Voter ID Laws Approved in Multiple States
Amid competing claims over whether voter ID laws protect the voting process or disenfranchise minority citizens, both Arkansas and North Carolina voters have approved ballot propositions to create voter ID laws.
“To me, it was just perhaps or could be a way to suppress voters’ rights,” said Arkansas voter Lydia Nance Arkansas, according to WHBQ.
“Some voters may not have the proper identification at that particular time or for some reason or another, it may discourage them from pursuing their right to vote,” she said.
Arkansas currently requires ID to vote, but the proposal listed as Issue 2 on the ballot would require specific forms of identification.
Voter Eddie Bethany said the proposal made sense.
“I think everybody should have a voter ID card, driver’s license, some form of photo ID, preferably a driver’s license,” said Eddie Bethany, a voter.

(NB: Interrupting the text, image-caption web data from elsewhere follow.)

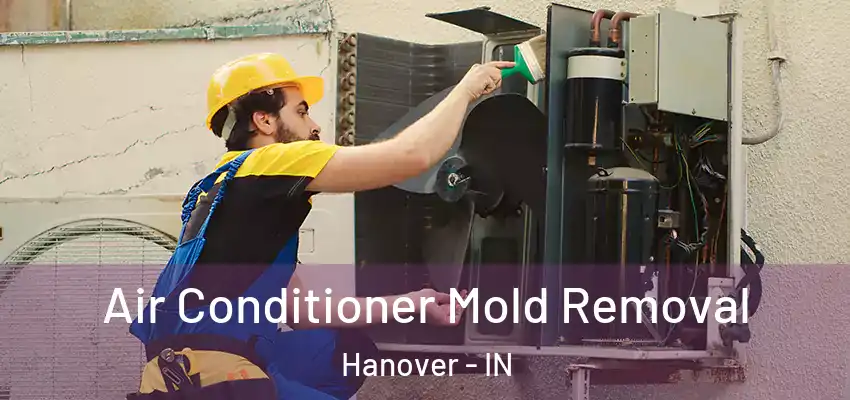  Air Conditioner Mold Removal Hanover - IN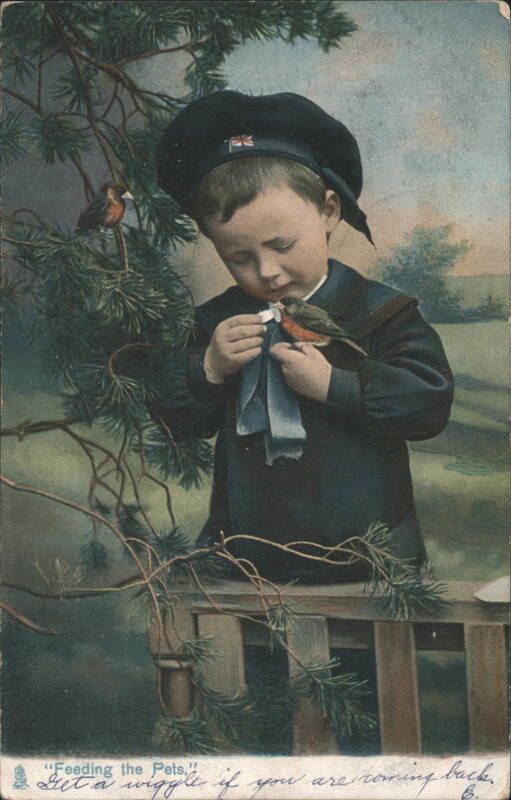 Feeding the Pets Boy in Sailor Hat with Robins Birds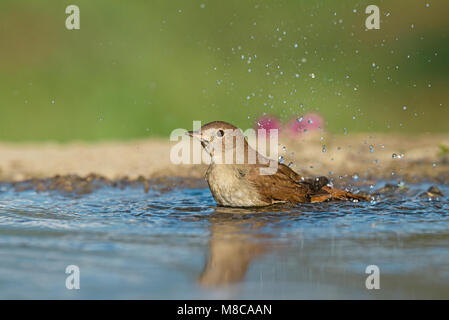 Nachtigall (Luscinia Megarhynchos) Stockfoto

“It doesn’t make any difference to me if it goes into the constitution or not, it’s something that should be required by law,” Bethany said.
Arkansas has been trying to put a voter ID law in place since 2013, but court decisions have sidetracked implementation. The ballot question would end questions over the law by making it part of the state’s constitution.
In North Carolina, the debate has centered over whether a voter ID law is needed to address voter fraud, or whether it is designed to turn away voters.
“To me, it’s about making sure that every vote counts — one full vote — and that no one’s vote is diluted by votes which are cast either inaccurately or illegally,” said Republican state Rep. John Szoka, the Fayetteville Observer reported.
“This amendment, which we have been calling the ‘voter restriction amendment,’ we think would compromise access to the vote,” said Jen Jones, a spokeswoman for the Democracy North Carolina voting rights organization.
She said that when North Carolina’s voter ID law was in effect in 2016 before being struck down by the courts, legitimate voters were turned away from the polls.
Thirty-four states require ID at the polls, according to the National Conference of State Legislatures, according to The Washington Post.
The American Civil Liberties Union said it believes voter ID laws exist to keep away minority voters, according to ABC.
“From our perspective there was an explosion of restrictive requirements, voter ID being the one that has been the one that has most obviously been pushed … in the wake of the election of President Obama in 2008,” said Sophia Lakin, an attorney with the ACLU’s voting rights project.
“These types of requirements, these document requirements, they have a disproportionate burden on people of color, the elderly the poor the young and voters with disabilities,” Lakin said. “It is interesting that the voters effected by voter ID requirements and similar things we were seeing… had a disproportionate impact on voters who also turned out in unprecedented numbers in the 2008 election.”
President Donald Trump, however, has said that because of widespread voter fraud, voter ID is a no-brainer.
“The time has come for voter ID like everything else,” Trump said at a recent Florida rally.
“Just take a look,” he said recently, according to The Washington Post. “All you have to do is go around, take a look at what’s happened over the years, and you’ll see. There are a lot of people — a lot of people — my opinion, and based on proof — that try and get in illegally and actually vote illegally. So we just want to let them know that there will be prosecutions at the highest level.”